The Self-Shackled Mind Effect, or Philosophy Friday
I spent a lot of today listening to voices on the radio saying that the outcome of a court case in New York would have no bearing on how they vote this November.
When we wonder how a person can choose to be wilfully ignorant, consider this social situation:
We get called ignorant.
Or dumb.
Or uneducated.
We get called a redneck, a rube, a “deplorable”.
Will this make us begin to change our opinions through the acquisition of new facts, more knowledge, better education?
No.
Are we happy to accept advice from people who call us such things?
Certainly not.
Why? Because to do so would be (in our own mind) essentially admitting that we actually WERE in fact deficient in some regard.
AND WHAT IS FAR WORSE, this would also mean conceding that the people who insult us – the people we now actively dislike or hate – are in some way smarter or “better”.
No one wants to feel “lesser” or stupid. So we dig in our heels. We look around for allies, for anyone who agrees with us, for anyone else who hates the same people we do.

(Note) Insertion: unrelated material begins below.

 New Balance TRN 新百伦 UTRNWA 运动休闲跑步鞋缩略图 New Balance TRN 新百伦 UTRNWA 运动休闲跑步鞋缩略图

We join a tribe.
Safety in numbers and all that…
And if we’re the kind to hold a grudge, we hope and pray for the day when we can exact revenge on these people who made us feel small.
Getting revenge is easier, and far more enjoyable, than an honest look in the mirror and a long program of education and self-improvement.
Especially when so many “libs” and their ilk are holier-than-thou, insufferable, self-righteous, self-congratulatory, obnoxious assholes.
And often just as intolerant as the people they mock and criticise.
*****
How many of us, whatever our worldview, are willing to consider, let alone adopt the outlook of people we hate? Not many, I expect.
We need to rediscover how to disagree without making people feel small or stupid.
We need to share information, rather than attempt persuasion.
This kid glove approach needn’t apply to outright racists and bigots.
The wealthy and powerful (along with certain religious leaders) have been indoctrinating the American public for centuries now.
American leaders and their marketing agents have used the cult of individualism as a way to justify rampant self-interest.
One side effect of this “Because I’m worth it” vox pop TV culture is a society where everyone thinks their opinion on EVERYTHING is a VERY IMPORTANT OPINION. No one is willing to even consider anymore that opinions have a qualitative value, based on education, life experience, expertise.
That humility was once considered a virtue, not a sign of weakness.
There is an ocean of historical class warfare in the USA, whatever the talking heads on TV say about America being a “classless society”. The USA simply swapped the old British hereditary class system for a class system based on money and “race”.
Don’t believe it? Very few western countries have “tipping” as deeply embedded in their culture as the USA. Tipping culture is a visceral reminder of the master/servant relationship, in which one party is constantly aware that the person with the most money holds the most power. The “servant” is constantly aware that their very livelihood depends on “performance”. Not simply performance of their job, but an attempt to read the often unspoken expectations of the customer/master and guessing what type of social performance is most likely to please them.
It is not enough to be professional and polite – one must also be an actor, an actor able to carefully calibrate one’s behavior and personality to the ego of the person holding the cash who decides whether they have “performed” to expectations.
This mini-digression into the social meaning and significance of tipping culture is about illustrating the many ways in which we reinforce superiority/inferiority on a daily basis – even when we are kind at heart, and don’t mean to do this. We do many other things every day, believing them to be “normal”, when we are in fact simply repeating innumerable behaviors which are the legacy of social caste indoctrination.
People who come from an underclass background are acutely attuned to the ways in which others assert their “superiority”.
Unwrapping the layers of “nationalist indoctrination” and “caste indoctrination”, and helping others to see the world with different eyes, is a bit like trying to help people who have spent years in thrall to a religious cult.
If we happen to meet a family member who has joined a cult, our first conversation in ages probably shouldn’t begin with asking them “How can you be so stupid?”
Especially if we have not asked the same question of ourselves, every day.